Per fare manovra entro di 37 cmq, perché giuro che non erano di più, nell’area portuale, e ‘sta cretina si mette a sbraitare “le ho detto che non può entrare!! Questa è un’area riservata, deve andarsene, deve girare lì e andarseneeeeee!”

“E’ quello che sto cercando di fare (stronza, sibilo fra me e me), si dia una calmata”

Esco di altri 37 cm dall’area portuale e posteggio ostentatamente davanti all’ingresso, ovviamente senza impedire il passaggio, che del resto è enorme, guadagnandomi strali di fuoco dalla simpatica rottwailer.

Nel frattempo l’amico di mio marito è arrivato, si avvicina alla stronz… rottwailer e le chiede cosa sta succedendo.

Noi ci avviciniamo, io la sto incenerendo con lo sguardo, taccio solo per non creare problemi al nostro amico, altrimenti mi ci sarei già attaccata alla giugulare.

Solo allora noto che il comandante, per venire a salvare noi, è stato evidentemente scaraventato giù dal letto.
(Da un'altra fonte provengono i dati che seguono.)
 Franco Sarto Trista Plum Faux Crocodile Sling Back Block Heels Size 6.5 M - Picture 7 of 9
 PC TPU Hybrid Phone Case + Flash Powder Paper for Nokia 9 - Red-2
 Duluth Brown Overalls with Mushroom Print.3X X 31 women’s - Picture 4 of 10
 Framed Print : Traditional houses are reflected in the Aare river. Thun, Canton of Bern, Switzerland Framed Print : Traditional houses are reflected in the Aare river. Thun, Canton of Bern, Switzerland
Pensando di poterci accompagnare a bordo non ha avuto nemmeno il tempo di cambiarsi.

Immaginatevi la scena: la rottwailer paonazza che strepita che non possiamo entrare, lui che pacatamente non insiste e chiede il lasciapassare per uscire; il tutto in tuta, ciabbbatte ortopediche e tazzona termica di tè in mano.
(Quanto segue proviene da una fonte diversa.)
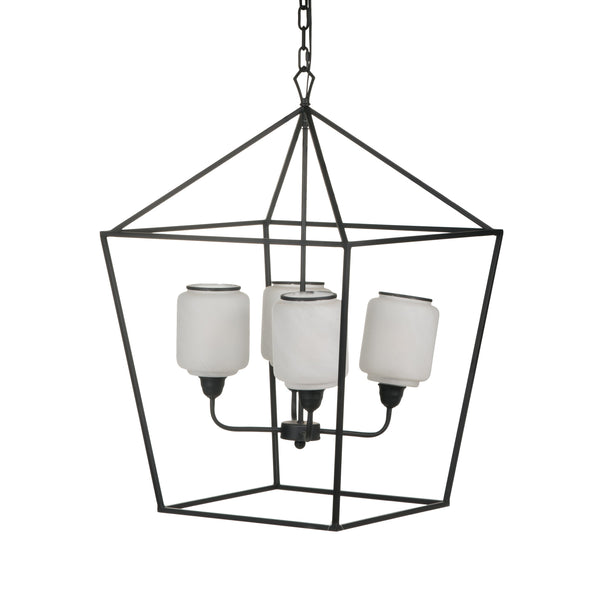 English Elm 21.7x21.7x33.5 Matte Black Iron Chandelier Square Glass Industrial Dining Foyer Light W2078P411228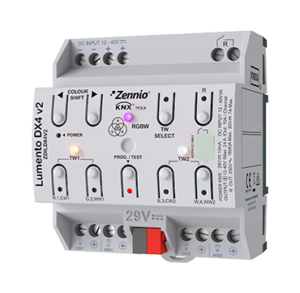 Lumento DX4 v2. 4-channel constant voltage PWM dimmer in DIN rail for DC LED loads.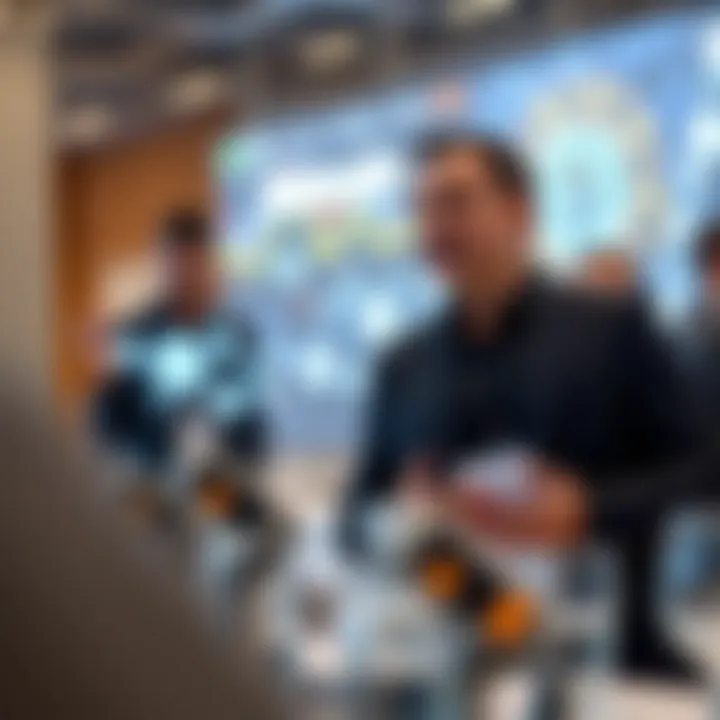 Riccardo Spagni speaking at a technology conference with blockchain visuals in the background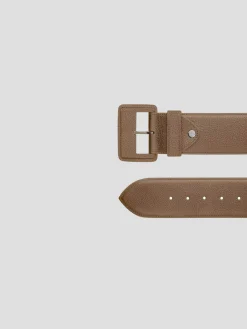 La Merveilleuse Calf Leather Belt in Taupe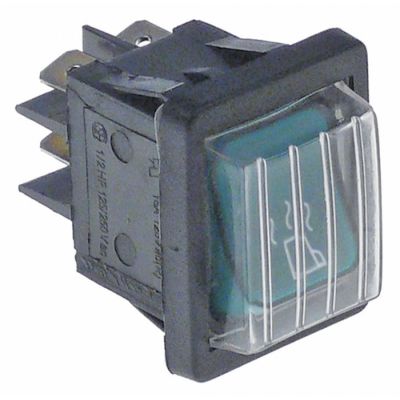 rocker switch 30x22mm green 2NO 250V 16A lighted cup warmer connection male faston 6,3mm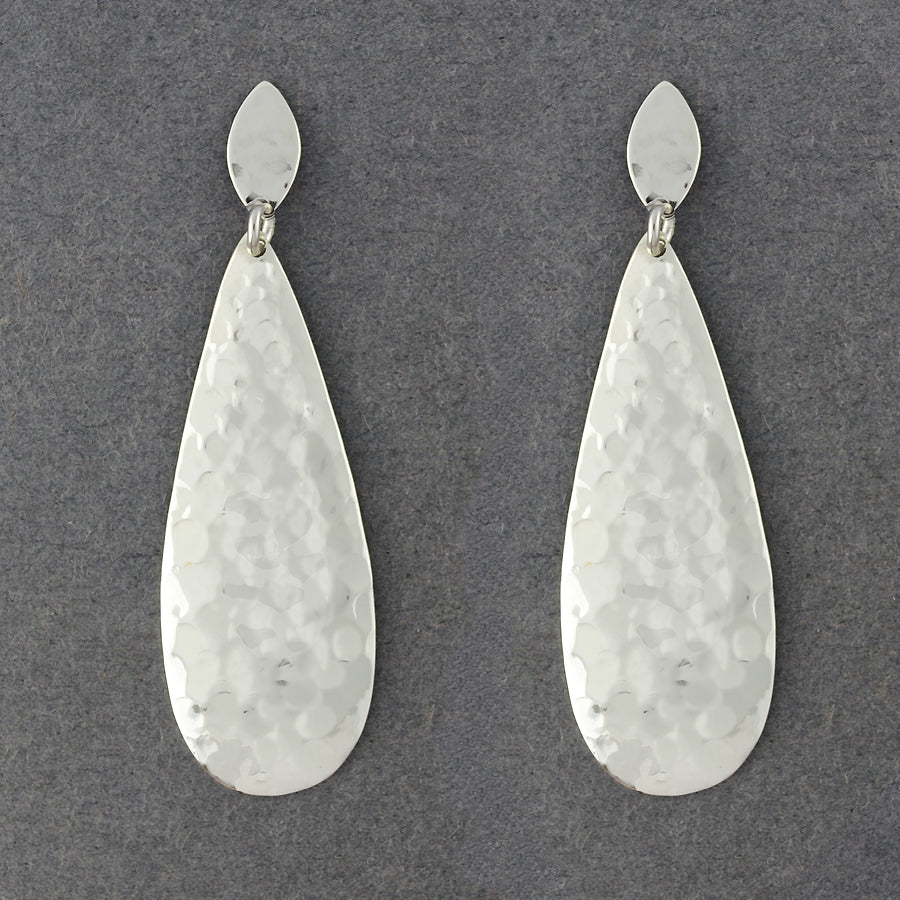 Sterling Silver Hammered Teardrop on Post Earrings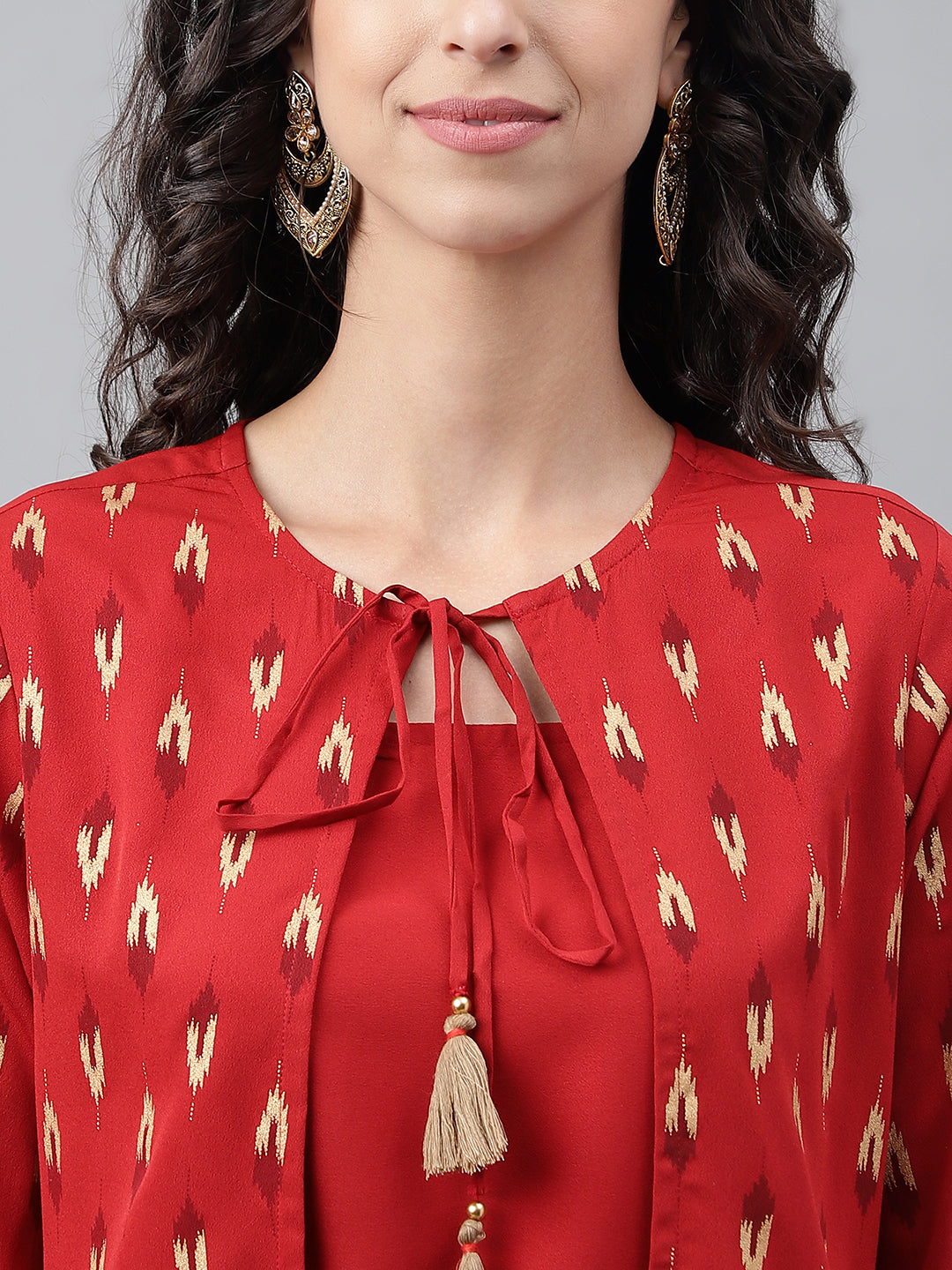 Janasya Women's Red Crepe Ikat Printed Festive Jacket Style Kurta | Swadesiicart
La situazione è a dir poco tragicomica, ma alla fine optiamo per andare a bere qualcosa in un locale poco distante.

Così mi ritrovo alle 10 di sera a scorrazzare due africani, di cui uno in pigiama, che continua a sorseggiare come se niente fosse il suo tè sul sedile della mia macchina, noncurante del fatto che fino a pochi secondi prima si stava accapigliando con una sorvegliante del porto.

La serata scorre piacevole, anche se il nostro trio deve essere sembrato quanto meno bizzarro al gestore del locale, uno dei più “trendy” della zona, che in genere accogli il pubblico del grande teatro cui si trova di fronte.

La perla è stata il comandante che molla la tazza di tè solo per arraffare un bicchiere di pastisse che, giuro, non vedevo bere dal 1997.

Probabilmente i sorveglianti del porto avranno la nostra foto segnaletica in bacheca, ma ne è valsa la pena!